_TASK DETAILS_: When you transcribe the listing that follows, keep every line exact and skip any picture.

_PROVIDED MATERIAL_:

====================

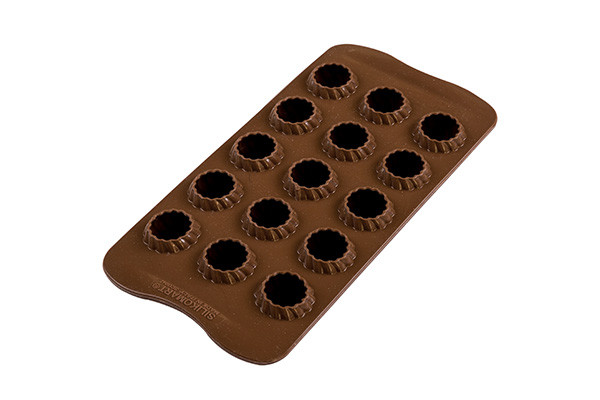 Forma na čokoládu Choco Flame 3D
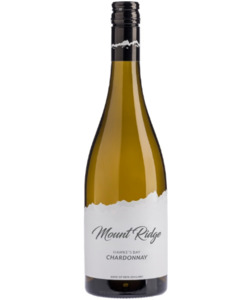 Chardonnay: Mount Ridge Chardonnay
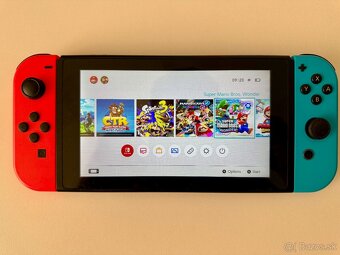 PREDAM/VYMENIM NINTENDO SWITCH ATMOSPHERE/ HRY ZDARMA - 2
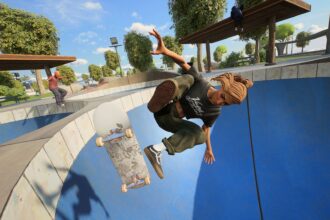 Skate has the tricks down, now it just needs the attitude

====================

_ANSWER TO THIS TASK_:
 Forma na čokoládu Choco Flame 3D
 Chardonnay: Mount Ridge Chardonnay
 PREDAM/VYMENIM NINTENDO SWITCH ATMOSPHERE/ HRY ZDARMA - 2
 Skate has the tricks down, now it just needs the attitude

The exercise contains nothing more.